The Olympics are significant for host countries, but it could mean much more for Japan. It is 56 years since Tokyo held the Games for the first time. Then, Japan, under reconstruction after being vanquished in the WWII, declared its reappearance on the world stage by holding the mass event.
Today, Japan is the world’s third-largest economy, but it is also suffering from sluggish economic growth, low fertility, an aging population, and political chaos. Hence, the Olympics could be a crucial opportunity for Japan to demonstrate its vitality in the Reiwa era. Equally, postponing or canceling the event would be unthinkable to Japan, and the country’s preparations are continuing as normal.
The Games often bring a focus the host’s politics. Tokyo 2020 would be no exception, and it could directly affect two major political topics in Japan: constitutional amendment and post-Abe leadership.
Abe is scheduled to be in office until September 2021. If the Games go ahead in July as planned, the Abe administration will probably start the procedures of amending Constitution in the second half of 2020, and then launch a referendum by the end of this year or in early 2021. This would be the last chance for Abe in his third term.
Taking advantage of the grand sporting event, Abe may dissolve the House of Representatives and call a snap general election in 2020 summer or early 2021, paving way for his Liberal Democratic Party (LDP).
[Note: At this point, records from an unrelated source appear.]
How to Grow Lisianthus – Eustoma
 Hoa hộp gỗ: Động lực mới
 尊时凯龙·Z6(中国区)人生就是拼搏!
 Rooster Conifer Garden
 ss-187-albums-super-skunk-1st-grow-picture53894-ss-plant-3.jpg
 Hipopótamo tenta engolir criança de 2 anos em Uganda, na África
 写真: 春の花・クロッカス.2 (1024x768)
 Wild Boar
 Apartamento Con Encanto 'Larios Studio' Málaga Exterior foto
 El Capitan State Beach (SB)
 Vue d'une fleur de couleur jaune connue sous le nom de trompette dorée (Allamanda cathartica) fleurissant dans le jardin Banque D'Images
However, if the Games cannot kick off on schedule, the Abe administration’s agenda of constitutional amendment will be interrupted, affecting the election of LDP as a ruling party.
Abe needs sufficient time and stable public opinion to convince Japanese citizens to accept constitutional amendment. Besides, Abe will have his hands tied in dissolving the lower House if Tokyo Olympics cannot stay on track, because the event is about people’s interests, while dissolving the House of Representatives attends only the interests of LDP. Abe certainly doesn’t want to lose trust of the people. From this aspect, the Tokyo Olympics are like a dividend to Abe and LDP. Japan is facing a relatively modest outbreak of the coronavirus, but European countries and the US cannot be that optimistic.